FIFO guaranteed at delivery (SQS FIFO) — broker enforces order per group ID, but throughput is capped at 300 msg/s without batching.
Unordered (Standard SQS, NATS core) — lowest overhead, fine for idempotent or independent events.

At-least-once vs Exactly-once

The hard truth: end-to-end exactly-once across producer, broker, and consumer requires cooperation from all three.

At-most-once: send once, never retry. Loses messages on failure. Acceptable only for sampled metrics.
At-least-once: send and retry until ack. Duplicates possible; consumer must dedupe. Default for most production use.
Exactly-once: requires idempotent producers (Kafka idempotent producer keeps a per-PID sequence) and transactional consumers (offsets committed atomically with output writes).

Kafka's "exactly-once semantics" is real but bounded: it covers Kafka-to-Kafka pipelines (read from topic A, transform, write to topic B). Once you write to an external system (Postgres, S3, an HTTP API), you are back to at-least-once unless that system has its own idempotency story.

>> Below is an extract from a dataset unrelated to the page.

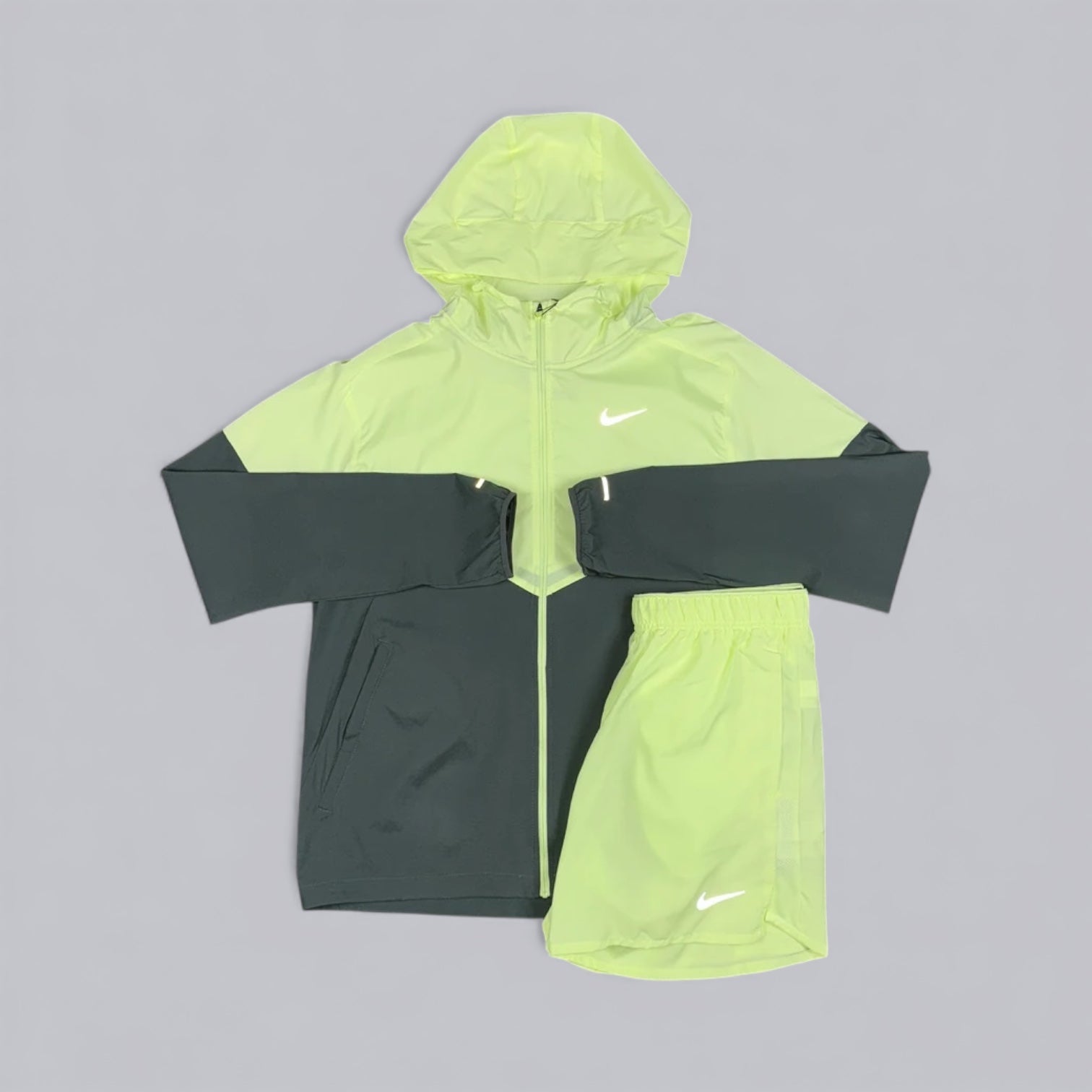 NIKE UV WINDRUNNER JACKET - BARELY VOLT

Practical pattern: use at-least-once delivery + idempotent consumers. The dedup key flows with the message; the consumer checks a "seen" store before applying side effects.

Dead Letter Queues

A DLQ catches messages that failed processing repeatedly. Best practice:

Fail-fast on poison messages — track per-message attempt count; after N (typically 5–10), route to DLQ instead of redelivering forever.
Preserve context — original payload, last error, attempt history.
Alert on rate, not absolute count — DLQ growing fast = systemic issue; slow trickle = expected long-tail.
Replay tooling — ops can re-drive a slice of DLQ after fixing the bug. Without replay, the DLQ is a graveyard, not an alert.

The Brokers Compared

Kafka — partitioned log, durable retention, high throughput. Default for event streaming, CDC, log aggregation. Operational weight: ZooKeeper (legacy) or KRaft (new). Ecosystem: Connect, Streams, ksqlDB. See Kafka internals.
RabbitMQ — AMQP, classic queue semantics, rich routing (topic exchanges, headers, fanout). Best for task queues with complex routing. Lower throughput than Kafka; mirrored queues for HA.
Redis Streams — Kafka-light embedded in Redis. Good for < 100 K/s, in-memory persistence. Compelling when you already run Redis.
NATS / NATS JetStream — brokerless core for pub-sub; JetStream adds durability and Kafka-like log semantics. Lightweight binary, easy to embed; growing in IoT / edge.
SQS — managed, zero ops. Standard (best-effort order, near-infinite throughput) and FIFO (strict order, capped). Use when you do not want to run a broker.
Apache Pulsar — tiered architecture (compute brokers + BookKeeper bookies for storage), multi-tenancy primitives, cross-region replication built-in. Operationally heavy but powerful for multi-tenant SaaS.

Failure Modes

Consumer lag runaway — producer outpaces consumer; lag grows; retention window passes; messages drop. Auto-scale consumers on lag; alert at 5-min lag.
Hot partition — one key dominates; all traffic on one broker. Repartition or use a sub-key (compound).
Rebalance storm — consumer joins/leaves trigger group rebalance; processing pauses for seconds. Use static membership (Kafka 2.4+) to bound rebalance cost.
Schema break — producer publishes new schema, consumer crashes parsing. Schema registry with backward-compat enforcement.

FAQ

Kafka or SQS for a new system?

SQS for simple work queues with manageable volume and no replay needs. Kafka for event streaming, CDC, log aggregation, or anywhere you might want to replay history.

How many partitions should I create?

Start with the consumer parallelism you expect at peak (one consumer per partition is the upper bound). Over-partitioning wastes broker resources; under-partitioning caps throughput. 10–100 is a good range to start.

What about message size?

Keep payloads small (< 1 MB). Larger blobs go in S3 with the message containing only the key. Kafka chokes on multi-MB messages; brokers everywhere prefer small.

Do I need a schema registry?

Once you have > 2 services on a topic, yes. Without it, producers will break consumers and you will discover at runtime. Confluent Schema Registry, Apicurio, AWS Glue Schema Registry are options.